Source material |
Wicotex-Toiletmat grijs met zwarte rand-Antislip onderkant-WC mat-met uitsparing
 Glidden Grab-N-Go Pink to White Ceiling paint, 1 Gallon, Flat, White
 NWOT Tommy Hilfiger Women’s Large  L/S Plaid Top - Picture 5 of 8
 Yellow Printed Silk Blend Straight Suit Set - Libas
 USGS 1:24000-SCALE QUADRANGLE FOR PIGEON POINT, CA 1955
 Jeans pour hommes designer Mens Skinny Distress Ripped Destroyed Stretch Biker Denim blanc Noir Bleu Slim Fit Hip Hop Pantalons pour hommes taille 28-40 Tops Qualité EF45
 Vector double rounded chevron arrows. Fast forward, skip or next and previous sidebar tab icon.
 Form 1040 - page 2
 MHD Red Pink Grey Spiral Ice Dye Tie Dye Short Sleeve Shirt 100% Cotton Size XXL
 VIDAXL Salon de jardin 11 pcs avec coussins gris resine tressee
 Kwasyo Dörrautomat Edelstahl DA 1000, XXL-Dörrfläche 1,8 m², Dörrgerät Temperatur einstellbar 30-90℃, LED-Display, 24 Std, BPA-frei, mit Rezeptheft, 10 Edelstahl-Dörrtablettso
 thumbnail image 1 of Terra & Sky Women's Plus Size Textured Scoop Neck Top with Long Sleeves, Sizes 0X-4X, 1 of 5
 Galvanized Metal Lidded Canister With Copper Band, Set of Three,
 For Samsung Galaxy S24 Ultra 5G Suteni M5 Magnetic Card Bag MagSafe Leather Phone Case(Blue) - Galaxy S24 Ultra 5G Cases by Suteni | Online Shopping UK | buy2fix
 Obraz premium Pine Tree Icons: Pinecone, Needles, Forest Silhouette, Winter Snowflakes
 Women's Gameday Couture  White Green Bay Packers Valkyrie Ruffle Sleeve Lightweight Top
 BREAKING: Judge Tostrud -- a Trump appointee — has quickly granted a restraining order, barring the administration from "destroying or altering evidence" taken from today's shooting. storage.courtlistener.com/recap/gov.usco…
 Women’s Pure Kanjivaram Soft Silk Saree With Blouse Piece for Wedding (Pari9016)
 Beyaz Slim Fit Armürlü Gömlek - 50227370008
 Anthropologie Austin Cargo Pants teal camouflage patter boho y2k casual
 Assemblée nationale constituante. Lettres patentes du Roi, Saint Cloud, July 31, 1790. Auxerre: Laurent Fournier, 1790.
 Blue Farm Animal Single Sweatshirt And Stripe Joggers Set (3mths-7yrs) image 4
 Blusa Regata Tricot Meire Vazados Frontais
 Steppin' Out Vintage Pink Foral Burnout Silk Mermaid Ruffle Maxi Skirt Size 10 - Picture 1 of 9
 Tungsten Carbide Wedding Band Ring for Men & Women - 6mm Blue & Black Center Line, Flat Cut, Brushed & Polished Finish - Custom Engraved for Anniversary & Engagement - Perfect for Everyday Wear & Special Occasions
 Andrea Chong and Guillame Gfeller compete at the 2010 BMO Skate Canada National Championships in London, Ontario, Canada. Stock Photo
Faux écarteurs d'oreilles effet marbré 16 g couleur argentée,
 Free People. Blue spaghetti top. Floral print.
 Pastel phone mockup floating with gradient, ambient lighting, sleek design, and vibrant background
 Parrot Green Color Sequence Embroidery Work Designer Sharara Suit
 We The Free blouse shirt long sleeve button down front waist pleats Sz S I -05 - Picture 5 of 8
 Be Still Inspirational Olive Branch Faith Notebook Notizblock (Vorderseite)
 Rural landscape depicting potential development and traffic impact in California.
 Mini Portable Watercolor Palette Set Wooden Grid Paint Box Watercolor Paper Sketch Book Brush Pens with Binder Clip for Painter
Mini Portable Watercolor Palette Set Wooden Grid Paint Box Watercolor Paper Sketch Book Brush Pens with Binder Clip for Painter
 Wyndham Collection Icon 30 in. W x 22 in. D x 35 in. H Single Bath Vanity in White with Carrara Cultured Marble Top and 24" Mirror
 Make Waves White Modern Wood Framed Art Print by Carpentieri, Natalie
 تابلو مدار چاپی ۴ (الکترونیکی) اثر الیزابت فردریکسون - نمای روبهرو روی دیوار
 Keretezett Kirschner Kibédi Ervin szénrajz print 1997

Task objective | Write every entry out again exactly.

Answer |
Wicotex-Toiletmat grijs met zwarte rand-Antislip onderkant-WC mat-met uitsparing
 Glidden Grab-N-Go Pink to White Ceiling paint, 1 Gallon, Flat, White
 NWOT Tommy Hilfiger Women’s Large  L/S Plaid Top - Picture 5 of 8
 Yellow Printed Silk Blend Straight Suit Set - Libas
 USGS 1:24000-SCALE QUADRANGLE FOR PIGEON POINT, CA 1955
 Jeans pour hommes designer Mens Skinny Distress Ripped Destroyed Stretch Biker Denim blanc Noir Bleu Slim Fit Hip Hop Pantalons pour hommes taille 28-40 Tops Qualité EF45
 Vector double rounded chevron arrows. Fast forward, skip or next and previous sidebar tab icon.
 Form 1040 - page 2
 MHD Red Pink Grey Spiral Ice Dye Tie Dye Short Sleeve Shirt 100% Cotton Size XXL
 VIDAXL Salon de jardin 11 pcs avec coussins gris resine tressee
 Kwasyo Dörrautomat Edelstahl DA 1000, XXL-Dörrfläche 1,8 m², Dörrgerät Temperatur einstellbar 30-90℃, LED-Display, 24 Std, BPA-frei, mit Rezeptheft, 10 Edelstahl-Dörrtablettso
 thumbnail image 1 of Terra & Sky Women's Plus Size Textured Scoop Neck Top with Long Sleeves, Sizes 0X-4X, 1 of 5
 Galvanized Metal Lidded Canister With Copper Band, Set of Three,
 For Samsung Galaxy S24 Ultra 5G Suteni M5 Magnetic Card Bag MagSafe Leather Phone Case(Blue) - Galaxy S24 Ultra 5G Cases by Suteni | Online Shopping UK | buy2fix
 Obraz premium Pine Tree Icons: Pinecone, Needles, Forest Silhouette, Winter Snowflakes
 Women's Gameday Couture  White Green Bay Packers Valkyrie Ruffle Sleeve Lightweight Top
 BREAKING: Judge Tostrud -- a Trump appointee — has quickly granted a restraining order, barring the administration from "destroying or altering evidence" taken from today's shooting. storage.courtlistener.com/recap/gov.usco…
 Women’s Pure Kanjivaram Soft Silk Saree With Blouse Piece for Wedding (Pari9016)
 Beyaz Slim Fit Armürlü Gömlek - 50227370008
 Anthropologie Austin Cargo Pants teal camouflage patter boho y2k casual
 Assemblée nationale constituante. Lettres patentes du Roi, Saint Cloud, July 31, 1790. Auxerre: Laurent Fournier, 1790.
 Blue Farm Animal Single Sweatshirt And Stripe Joggers Set (3mths-7yrs) image 4
 Blusa Regata Tricot Meire Vazados Frontais
 Steppin' Out Vintage Pink Foral Burnout Silk Mermaid Ruffle Maxi Skirt Size 10 - Picture 1 of 9
 Tungsten Carbide Wedding Band Ring for Men & Women - 6mm Blue & Black Center Line, Flat Cut, Brushed & Polished Finish - Custom Engraved for Anniversary & Engagement - Perfect for Everyday Wear & Special Occasions
 Andrea Chong and Guillame Gfeller compete at the 2010 BMO Skate Canada National Championships in London, Ontario, Canada. Stock Photo
Faux écarteurs d'oreilles effet marbré 16 g couleur argentée,
 Free People. Blue spaghetti top. Floral print.
 Pastel phone mockup floating with gradient, ambient lighting, sleek design, and vibrant background
 Parrot Green Color Sequence Embroidery Work Designer Sharara Suit
 We The Free blouse shirt long sleeve button down front waist pleats Sz S I -05 - Picture 5 of 8
 Be Still Inspirational Olive Branch Faith Notebook Notizblock (Vorderseite)
 Rural landscape depicting potential development and traffic impact in California.
 Mini Portable Watercolor Palette Set Wooden Grid Paint Box Watercolor Paper Sketch Book Brush Pens with Binder Clip for Painter
Mini Portable Watercolor Palette Set Wooden Grid Paint Box Watercolor Paper Sketch Book Brush Pens with Binder Clip for Painter
 Wyndham Collection Icon 30 in. W x 22 in. D x 35 in. H Single Bath Vanity in White with Carrara Cultured Marble Top and 24" Mirror
 Make Waves White Modern Wood Framed Art Print by Carpentieri, Natalie
 تابلو مدار چاپی ۴ (الکترونیکی) اثر الیزابت فردریکسون - نمای روبهرو روی دیوار
 Keretezett Kirschner Kibédi Ervin szénrajz print 1997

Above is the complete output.